Werkcollege 1: Verantwoordelijk voor de Ander (Levinas)
- Filosofie als verwondering en als een zelfoefening van het denken, waarin
niets meer vanzelf spreekt.
- Verwondering over het alledaagse, over het vanzelfsprekende.
- Protocollen, procedures, resultaatafspraken en methodieken,
vanzelfsprekend? Adiaforisering = hele gebieden van het handelen uitsluiten
van morele beoordeling. Doe ik hier wel goed aan?
Voorbeeld van adiaforisering: je koopt je kleding bij Primark en je houdt
geen rekening met waar de kleding vandaan komt, je denkt niet na over: doe
ik daar wel goed aan?
- Het problematiseren van het vanzelfsprekende kan leiden tot een dieper
begrip
Levinas 1906 1995
Familie is uitgemoord in 2e Wereld Oorlog, heeft zelf ook in een kamp gezeten, was
zelf joods.
Wat is nou het menselijke en hoe kunnen wij empathisch zijn?

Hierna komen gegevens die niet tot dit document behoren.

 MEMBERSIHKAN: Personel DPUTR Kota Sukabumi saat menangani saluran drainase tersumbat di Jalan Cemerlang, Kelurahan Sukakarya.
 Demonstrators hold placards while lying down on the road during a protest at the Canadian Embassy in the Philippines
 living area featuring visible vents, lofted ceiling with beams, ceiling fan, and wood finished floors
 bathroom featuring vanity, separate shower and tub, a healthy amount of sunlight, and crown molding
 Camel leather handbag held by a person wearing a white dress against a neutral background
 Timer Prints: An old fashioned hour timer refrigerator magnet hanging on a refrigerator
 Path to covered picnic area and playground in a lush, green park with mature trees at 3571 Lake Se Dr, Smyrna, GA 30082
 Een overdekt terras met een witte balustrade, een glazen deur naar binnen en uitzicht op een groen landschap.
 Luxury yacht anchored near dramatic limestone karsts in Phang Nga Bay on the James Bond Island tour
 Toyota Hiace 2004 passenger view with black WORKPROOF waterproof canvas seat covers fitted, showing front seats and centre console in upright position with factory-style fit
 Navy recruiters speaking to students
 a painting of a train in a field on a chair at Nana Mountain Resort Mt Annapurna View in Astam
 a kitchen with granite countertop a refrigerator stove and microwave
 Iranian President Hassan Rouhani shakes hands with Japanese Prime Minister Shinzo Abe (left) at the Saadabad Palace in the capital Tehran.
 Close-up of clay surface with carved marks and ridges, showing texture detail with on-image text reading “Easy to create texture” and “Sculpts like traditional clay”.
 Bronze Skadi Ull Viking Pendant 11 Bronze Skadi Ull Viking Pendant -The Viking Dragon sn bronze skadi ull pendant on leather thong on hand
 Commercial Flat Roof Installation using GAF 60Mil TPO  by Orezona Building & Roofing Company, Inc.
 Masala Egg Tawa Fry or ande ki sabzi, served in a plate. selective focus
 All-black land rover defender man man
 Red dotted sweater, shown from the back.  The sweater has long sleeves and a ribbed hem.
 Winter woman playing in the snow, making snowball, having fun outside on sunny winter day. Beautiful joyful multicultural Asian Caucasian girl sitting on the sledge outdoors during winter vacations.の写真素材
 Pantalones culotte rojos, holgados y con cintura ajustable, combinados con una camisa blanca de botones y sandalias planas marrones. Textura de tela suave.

Het gelaat: Je gaat naar de bakker en je wil een brood kopen. De bakker zakt in
elkaar en jij voelt een oproep om iets te doen. Buiten zijn wil om toont de bakker zijn
zwakheid/kwetsbaarheid. Je kunt niet voorbij gaan aan dat appél, het daagt jou altijd
uit om iets te doen. Het is het meest wezenlijke van mensen, hun kwetsbaarheid.
Het morele appél is er altijd, maar wij kunnen besluiten om er geen gehoor aan te
geven.
- Het kwetsbare gelaat van de Ander roept mij op mijn verantwoordelijkheid te
tonen. Het moreel appél van de weduwe, de wees of vreemdeling.
- Door de Ander besef ik dat mijn vrijheid en verantwoordelijkheid niet
willekeurig zijn, maar vorm krijgen door zijn oproep. Mijn vrijheid wordt ook
beperkt door het appél wat de ander op mij legt.
- Maar de Ander is onherleidbaar anders (iedereen is uniek, de ander is niet jij,
zie dat de ander echt een eigen persoon is, probeer hem niet terug te brengen
tot categorieën die jij snapt). Hij openbaart zich in zijn gelaat zijn volstrekt
weerloze en naakte gelaat. Wij moeten ons verzetten tegen reductie (als je
reduceert dan ga je de ander omschrijven vanuit een aantal kenmerken en
eigenschappen die jij kunt begrijpen en die passen bij jouw referentie kader.
Je sluit je dan een beetje af van het appél.)
Bijvoorbeeld: wanneer je een zwerver op straat omschrijft als iemand die niet
goed gedaan heeft in het leven. In plaats van een mens met complicaties sluit
je jezelf af van de menselijkheid en de kwetsbaarheid. Waardoor je je eigen
gedrag kan rechtvaardigen. Dus stereotyperen zodat het je minder aangaat.)
- De verantwoordelijkheid voor de Ander gaat aan mijn vrijheid vooraf
- Heb ook oog voor de derde. Je kunt niet alles in de wereld oplossen met ik en
de Ander.
Bijvoorbeeld: leraar/lerares staat voor een hele groep. De derde is
bijvoorbeeld ook de mensen in het systeem van de Ander.
,De zin van het mens-zijn (moeilijke uitspraken van Levinas)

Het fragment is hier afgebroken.